I might use the words of Richelieu* to his discarded mistress: “Nous ne sommes pas ennemis: mais nous ne nous aimons plus."**


The Kingdom of Saxony was Austria’s ally in 1866. Just before war erupted in mid-June 1866, Loftus recorded an observation made by the Saxon government leader, Baron (later Count) Friedrich Ferdinand von Beust, about the possibility of avoiding war through mutual concession. “Le vin,” said Baron Beust, “est tiré, il faut le boire.”***


Loftus observed Bismarck’s countenance on the evening war broke out between Prussia and Austria:

I was with Count Bismarck late on the evening of June 15th. We had been walking and sitting in his garden till a late hour, when, to my astonishment, it struck midnight. Count Bismarck took out his watch, and said, “À l’heure qu’il est nos troupes sont entrées en Hanovre, Saxe, et Hesse-Cassel."+ He added, “The struggle will be severe. Prussia may lose, but she will, at all events, have fought bravely and honourably. If we are beaten,” Count Bismarck said, “I shall not return here. I shall fall in the last charge. One can but die once; and if beaten, it is better to die.”

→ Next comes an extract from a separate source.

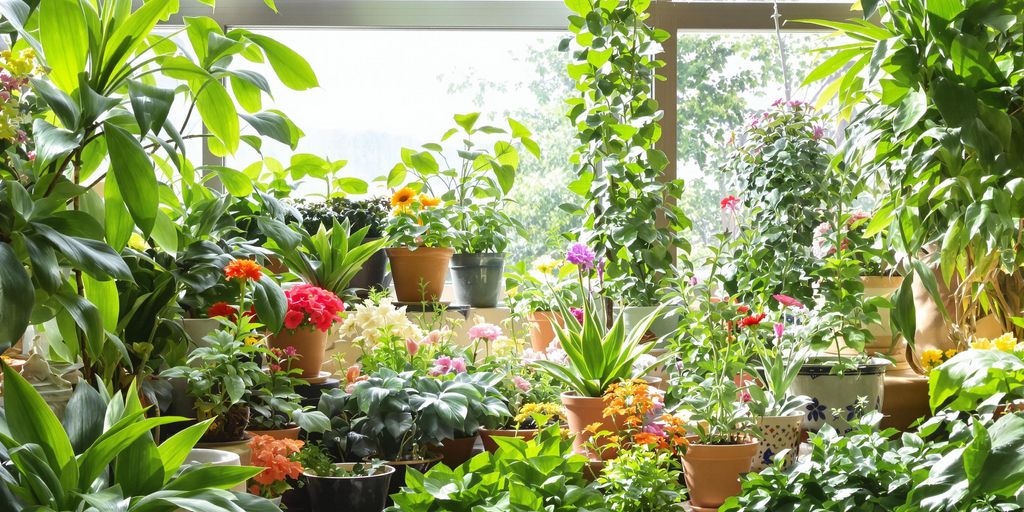 Indoor garden with lush plants and colorful flowers.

* Cardinal Richelieu (born Armand Jean du Plessis, 1585-1642), was France’s foreign minister after 1616 and prime minister after 1624; he was acknowledged as a ruthless master of diplomacy, making France the preeminent power in Europe under King Louis XIII. [All footnotes are from Lord Augustus Loftus, The Diplomatic Reminiscences of Lord Augustus Loftus, Second Series, 1862-1879.]
** “We are not enemies: but we do not love each other any longer.”
*** “The wine has been uncorked, it must be drunk.”
+ “At this hour our troops have entered Hanover, Saxony, and Hesse-Cassel.”